Now, I'll confess I didn't foresee how bad the underlying loans could go. The issue is only now beginning to surface, and will probably get far worse. However at the time I did wonder that this might be too much of a good thing, and suggested a minimal ticket in CDOs and CLOs. Unfortunately, Investment Committees in insurance firms are refugee camps for the financially inept. At best they are people who couldn't hack it in asset management, and at worse actuaries or accountants without a clue about how markets really operate. Dull, backward-looking and technically naive: a car crash-inducing combination.
The end result was that I was overridden, and seduced by those juicy (and quarterly results-friendly) returns, my employer invested ten times the recommended amount into structured vehicles. I soon after, and have watched the sorry tale unravel from afar over the past year. And yet, just like Citi, the management that got the firm into this mess are still in place.

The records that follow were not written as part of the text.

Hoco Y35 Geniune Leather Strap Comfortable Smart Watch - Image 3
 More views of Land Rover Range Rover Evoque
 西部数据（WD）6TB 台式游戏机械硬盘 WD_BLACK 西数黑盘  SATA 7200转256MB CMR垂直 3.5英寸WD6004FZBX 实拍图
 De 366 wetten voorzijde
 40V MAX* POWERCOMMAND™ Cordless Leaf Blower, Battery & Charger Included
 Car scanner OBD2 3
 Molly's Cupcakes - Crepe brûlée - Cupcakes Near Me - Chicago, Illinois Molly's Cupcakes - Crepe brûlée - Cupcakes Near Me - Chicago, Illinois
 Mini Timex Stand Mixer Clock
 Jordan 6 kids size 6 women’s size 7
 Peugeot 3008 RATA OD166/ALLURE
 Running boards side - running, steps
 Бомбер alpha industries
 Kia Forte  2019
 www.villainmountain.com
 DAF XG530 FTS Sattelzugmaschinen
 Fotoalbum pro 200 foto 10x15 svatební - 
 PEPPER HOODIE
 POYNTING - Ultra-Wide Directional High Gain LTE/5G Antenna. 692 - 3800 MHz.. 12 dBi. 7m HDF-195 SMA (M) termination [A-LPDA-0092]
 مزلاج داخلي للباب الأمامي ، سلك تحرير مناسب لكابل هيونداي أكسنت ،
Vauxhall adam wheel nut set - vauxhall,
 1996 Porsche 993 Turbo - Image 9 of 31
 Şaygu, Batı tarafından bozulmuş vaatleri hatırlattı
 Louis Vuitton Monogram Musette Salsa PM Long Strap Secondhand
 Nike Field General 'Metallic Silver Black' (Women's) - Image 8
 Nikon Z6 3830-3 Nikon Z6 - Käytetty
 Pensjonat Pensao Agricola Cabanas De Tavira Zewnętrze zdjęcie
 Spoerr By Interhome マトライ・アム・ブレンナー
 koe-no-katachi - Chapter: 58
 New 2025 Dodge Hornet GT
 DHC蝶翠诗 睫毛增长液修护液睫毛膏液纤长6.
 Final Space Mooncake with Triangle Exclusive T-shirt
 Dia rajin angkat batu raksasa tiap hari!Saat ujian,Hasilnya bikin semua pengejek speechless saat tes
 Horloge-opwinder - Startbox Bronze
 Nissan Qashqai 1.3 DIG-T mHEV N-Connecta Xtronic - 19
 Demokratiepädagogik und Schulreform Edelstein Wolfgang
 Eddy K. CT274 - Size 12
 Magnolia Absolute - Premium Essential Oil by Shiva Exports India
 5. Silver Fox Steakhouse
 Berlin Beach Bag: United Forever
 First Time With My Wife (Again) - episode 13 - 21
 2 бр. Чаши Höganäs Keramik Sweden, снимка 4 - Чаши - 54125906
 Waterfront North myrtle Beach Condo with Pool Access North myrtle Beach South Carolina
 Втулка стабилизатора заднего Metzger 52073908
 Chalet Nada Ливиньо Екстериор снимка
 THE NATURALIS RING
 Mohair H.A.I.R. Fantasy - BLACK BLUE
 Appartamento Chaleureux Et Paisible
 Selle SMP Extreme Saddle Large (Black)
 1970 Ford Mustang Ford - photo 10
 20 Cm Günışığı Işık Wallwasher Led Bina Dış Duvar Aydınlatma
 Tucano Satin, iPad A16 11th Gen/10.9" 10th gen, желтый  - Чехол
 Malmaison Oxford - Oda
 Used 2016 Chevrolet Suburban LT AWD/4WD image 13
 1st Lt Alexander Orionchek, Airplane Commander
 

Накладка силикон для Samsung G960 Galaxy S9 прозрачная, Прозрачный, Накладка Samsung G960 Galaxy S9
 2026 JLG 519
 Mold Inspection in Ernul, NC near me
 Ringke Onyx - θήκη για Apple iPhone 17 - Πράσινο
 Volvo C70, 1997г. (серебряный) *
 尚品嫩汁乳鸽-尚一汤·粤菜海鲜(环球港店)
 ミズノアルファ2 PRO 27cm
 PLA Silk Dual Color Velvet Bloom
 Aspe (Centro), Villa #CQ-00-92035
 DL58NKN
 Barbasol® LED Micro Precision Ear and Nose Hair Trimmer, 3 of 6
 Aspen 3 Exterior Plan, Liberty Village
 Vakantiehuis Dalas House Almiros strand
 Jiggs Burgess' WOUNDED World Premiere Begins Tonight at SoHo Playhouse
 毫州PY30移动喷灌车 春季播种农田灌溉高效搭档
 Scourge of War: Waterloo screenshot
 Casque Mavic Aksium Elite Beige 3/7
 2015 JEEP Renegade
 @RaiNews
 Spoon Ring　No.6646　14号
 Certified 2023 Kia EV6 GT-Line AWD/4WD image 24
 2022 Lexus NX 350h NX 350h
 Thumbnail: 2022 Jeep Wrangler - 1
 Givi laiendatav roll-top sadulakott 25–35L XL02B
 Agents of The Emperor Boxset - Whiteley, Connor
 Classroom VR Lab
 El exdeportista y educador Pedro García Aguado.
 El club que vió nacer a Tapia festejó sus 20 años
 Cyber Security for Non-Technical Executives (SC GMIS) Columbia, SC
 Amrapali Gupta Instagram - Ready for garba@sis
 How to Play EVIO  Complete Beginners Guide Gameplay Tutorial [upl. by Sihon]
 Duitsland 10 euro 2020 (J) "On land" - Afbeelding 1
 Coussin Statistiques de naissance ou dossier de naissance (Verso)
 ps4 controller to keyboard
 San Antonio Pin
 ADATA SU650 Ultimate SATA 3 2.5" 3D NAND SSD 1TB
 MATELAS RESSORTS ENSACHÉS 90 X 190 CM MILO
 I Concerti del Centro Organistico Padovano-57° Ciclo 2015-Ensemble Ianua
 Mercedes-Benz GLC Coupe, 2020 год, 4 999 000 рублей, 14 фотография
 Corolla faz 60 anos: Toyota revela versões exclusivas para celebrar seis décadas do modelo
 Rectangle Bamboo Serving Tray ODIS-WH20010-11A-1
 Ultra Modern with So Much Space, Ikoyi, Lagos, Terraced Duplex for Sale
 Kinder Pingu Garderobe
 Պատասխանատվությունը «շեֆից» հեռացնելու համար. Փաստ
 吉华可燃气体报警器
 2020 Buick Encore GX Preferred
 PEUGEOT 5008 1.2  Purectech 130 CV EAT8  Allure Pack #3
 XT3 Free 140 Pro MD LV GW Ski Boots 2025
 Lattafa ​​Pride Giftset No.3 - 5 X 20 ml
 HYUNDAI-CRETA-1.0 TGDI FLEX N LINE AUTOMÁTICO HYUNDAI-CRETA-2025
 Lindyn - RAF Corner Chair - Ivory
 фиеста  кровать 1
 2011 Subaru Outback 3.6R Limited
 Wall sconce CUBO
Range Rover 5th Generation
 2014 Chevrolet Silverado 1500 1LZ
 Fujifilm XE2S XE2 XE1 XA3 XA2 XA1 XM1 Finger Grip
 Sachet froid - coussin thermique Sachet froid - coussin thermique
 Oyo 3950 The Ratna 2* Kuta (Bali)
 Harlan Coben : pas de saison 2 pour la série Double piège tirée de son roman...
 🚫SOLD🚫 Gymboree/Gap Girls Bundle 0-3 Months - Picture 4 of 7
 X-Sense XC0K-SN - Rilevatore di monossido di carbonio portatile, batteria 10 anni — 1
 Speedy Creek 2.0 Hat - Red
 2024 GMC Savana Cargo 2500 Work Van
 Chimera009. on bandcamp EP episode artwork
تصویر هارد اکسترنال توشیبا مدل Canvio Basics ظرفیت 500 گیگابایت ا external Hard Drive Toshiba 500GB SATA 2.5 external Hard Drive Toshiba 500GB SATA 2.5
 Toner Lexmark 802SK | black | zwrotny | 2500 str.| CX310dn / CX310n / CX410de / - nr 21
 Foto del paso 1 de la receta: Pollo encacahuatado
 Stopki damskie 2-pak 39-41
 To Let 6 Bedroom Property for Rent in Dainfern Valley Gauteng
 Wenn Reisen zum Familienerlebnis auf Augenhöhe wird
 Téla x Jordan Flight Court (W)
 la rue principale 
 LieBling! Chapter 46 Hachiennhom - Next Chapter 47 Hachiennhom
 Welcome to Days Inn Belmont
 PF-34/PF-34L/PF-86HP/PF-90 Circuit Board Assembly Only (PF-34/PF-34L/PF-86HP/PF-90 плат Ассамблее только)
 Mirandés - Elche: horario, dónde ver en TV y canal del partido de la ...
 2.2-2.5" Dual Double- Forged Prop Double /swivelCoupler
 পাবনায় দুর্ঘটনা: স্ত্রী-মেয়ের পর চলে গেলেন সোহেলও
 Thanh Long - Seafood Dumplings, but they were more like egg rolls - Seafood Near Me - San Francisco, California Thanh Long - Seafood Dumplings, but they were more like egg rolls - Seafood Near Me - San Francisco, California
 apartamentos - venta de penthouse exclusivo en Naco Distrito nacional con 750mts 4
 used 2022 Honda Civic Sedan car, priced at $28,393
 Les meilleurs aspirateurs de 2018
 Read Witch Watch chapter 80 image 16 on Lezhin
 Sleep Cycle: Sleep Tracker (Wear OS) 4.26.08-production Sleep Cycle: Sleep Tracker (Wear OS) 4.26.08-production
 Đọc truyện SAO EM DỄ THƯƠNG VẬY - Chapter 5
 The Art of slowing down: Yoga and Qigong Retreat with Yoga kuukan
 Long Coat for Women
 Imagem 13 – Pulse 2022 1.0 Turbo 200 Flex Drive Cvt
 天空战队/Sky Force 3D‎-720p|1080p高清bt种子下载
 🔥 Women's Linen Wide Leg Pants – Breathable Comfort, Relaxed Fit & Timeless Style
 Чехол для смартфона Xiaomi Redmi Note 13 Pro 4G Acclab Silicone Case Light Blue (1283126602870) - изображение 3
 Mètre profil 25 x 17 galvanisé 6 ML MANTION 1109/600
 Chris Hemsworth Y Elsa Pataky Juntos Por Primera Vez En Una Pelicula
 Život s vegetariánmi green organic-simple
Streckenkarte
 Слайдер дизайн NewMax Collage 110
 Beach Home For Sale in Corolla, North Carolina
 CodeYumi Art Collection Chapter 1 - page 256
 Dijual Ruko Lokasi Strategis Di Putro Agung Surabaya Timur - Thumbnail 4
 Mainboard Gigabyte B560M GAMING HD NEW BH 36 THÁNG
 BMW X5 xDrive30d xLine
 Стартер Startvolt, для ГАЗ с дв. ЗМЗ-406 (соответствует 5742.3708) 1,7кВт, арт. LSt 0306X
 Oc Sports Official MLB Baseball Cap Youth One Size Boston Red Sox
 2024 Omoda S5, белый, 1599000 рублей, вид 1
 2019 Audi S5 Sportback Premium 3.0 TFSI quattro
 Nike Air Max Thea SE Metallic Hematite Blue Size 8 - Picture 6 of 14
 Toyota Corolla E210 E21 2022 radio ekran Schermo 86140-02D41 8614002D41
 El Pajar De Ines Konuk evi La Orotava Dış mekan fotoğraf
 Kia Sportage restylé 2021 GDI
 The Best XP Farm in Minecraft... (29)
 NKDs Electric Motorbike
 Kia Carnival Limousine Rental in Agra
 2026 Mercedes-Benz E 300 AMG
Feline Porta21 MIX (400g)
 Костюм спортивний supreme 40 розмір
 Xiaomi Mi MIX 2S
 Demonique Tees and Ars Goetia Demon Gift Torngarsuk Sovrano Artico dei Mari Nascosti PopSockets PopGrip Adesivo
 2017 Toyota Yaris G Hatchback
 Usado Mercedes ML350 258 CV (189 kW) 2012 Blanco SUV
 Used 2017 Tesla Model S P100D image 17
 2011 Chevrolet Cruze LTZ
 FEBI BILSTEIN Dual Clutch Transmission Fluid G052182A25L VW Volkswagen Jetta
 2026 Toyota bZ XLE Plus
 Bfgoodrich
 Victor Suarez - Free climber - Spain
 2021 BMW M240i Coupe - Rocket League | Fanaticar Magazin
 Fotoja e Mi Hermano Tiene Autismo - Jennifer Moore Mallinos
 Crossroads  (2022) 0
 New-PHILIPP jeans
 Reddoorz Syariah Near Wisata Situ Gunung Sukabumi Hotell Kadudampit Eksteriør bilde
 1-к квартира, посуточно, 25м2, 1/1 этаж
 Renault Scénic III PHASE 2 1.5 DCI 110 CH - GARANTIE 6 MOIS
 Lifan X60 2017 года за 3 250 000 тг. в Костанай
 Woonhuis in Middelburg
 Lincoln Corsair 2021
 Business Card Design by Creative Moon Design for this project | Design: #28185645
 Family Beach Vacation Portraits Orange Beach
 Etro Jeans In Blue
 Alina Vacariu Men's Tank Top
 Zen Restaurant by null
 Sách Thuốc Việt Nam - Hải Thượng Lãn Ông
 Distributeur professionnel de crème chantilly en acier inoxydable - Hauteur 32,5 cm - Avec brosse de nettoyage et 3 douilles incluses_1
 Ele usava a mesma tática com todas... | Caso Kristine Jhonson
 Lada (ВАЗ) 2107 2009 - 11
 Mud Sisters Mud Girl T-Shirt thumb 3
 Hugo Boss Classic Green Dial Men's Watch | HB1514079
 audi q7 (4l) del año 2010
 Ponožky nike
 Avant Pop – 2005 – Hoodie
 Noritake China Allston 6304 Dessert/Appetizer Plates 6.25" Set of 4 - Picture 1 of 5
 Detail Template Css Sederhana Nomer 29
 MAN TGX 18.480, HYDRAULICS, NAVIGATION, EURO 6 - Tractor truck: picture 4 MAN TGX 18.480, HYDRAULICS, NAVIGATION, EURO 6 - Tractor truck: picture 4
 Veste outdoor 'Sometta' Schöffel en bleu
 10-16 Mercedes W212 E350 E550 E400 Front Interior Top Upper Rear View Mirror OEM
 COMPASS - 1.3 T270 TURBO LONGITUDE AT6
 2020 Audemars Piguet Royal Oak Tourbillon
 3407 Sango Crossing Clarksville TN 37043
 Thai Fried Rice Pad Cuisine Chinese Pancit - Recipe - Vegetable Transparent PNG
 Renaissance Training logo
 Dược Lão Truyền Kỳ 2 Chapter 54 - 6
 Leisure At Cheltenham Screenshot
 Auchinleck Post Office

The obsession with accounting results is bizarre. My opinion has always been that investment should be seen as an economic proposition - pushing it into accounting buckets merely creates perverse incentives to either trap liquidity or take inappropriate risks. This is a particular sin of insurers - most of the time they actually lose money underwriting insurance, and it's the investment income that comes to the rescue of the P&L. It's a pretty dicey bit of financial brinkmanship, and the sector is now reaping the results of that bet.